Each line of the listing below must be retyped exactly, with images left out.

→ AVAILABLE DATA:
.....
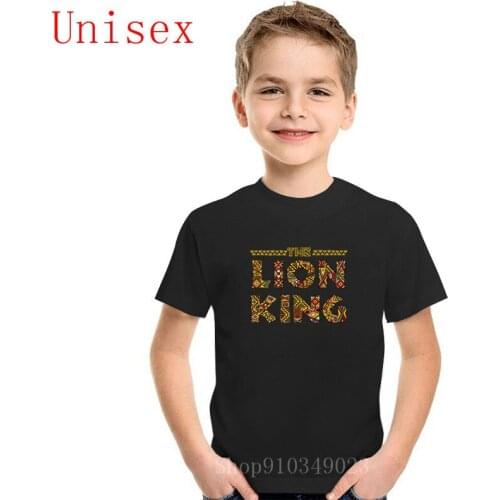 Multiprint Lion king Logo children T-shirts Personalized kids Short Sleeves Comfortable All Cotton boy clothes girls clothes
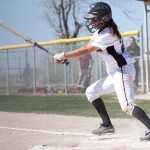 Nikki Ritzen, (20), junior left fielder of Chadron, hits the ball during Sunday’s game against Colorado Mesa on Sunday. — Photo by Kinley Q Nichols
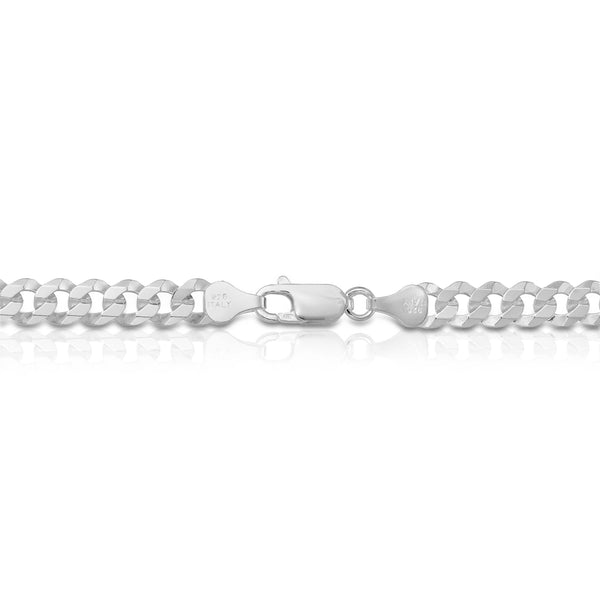 6.0MM FLAT CURB - 925 STERLING SILVER CHAIN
.....
→ SOLUTION FOR THIS PROBLEM:
 Multiprint Lion king Logo children T-shirts Personalized kids Short Sleeves Comfortable All Cotton boy clothes girls clothes
 Nikki Ritzen, (20), junior left fielder of Chadron, hits the ball during Sunday’s game against Colorado Mesa on Sunday. — Photo by Kinley Q Nichols
 6.0MM FLAT CURB - 925 STERLING SILVER CHAIN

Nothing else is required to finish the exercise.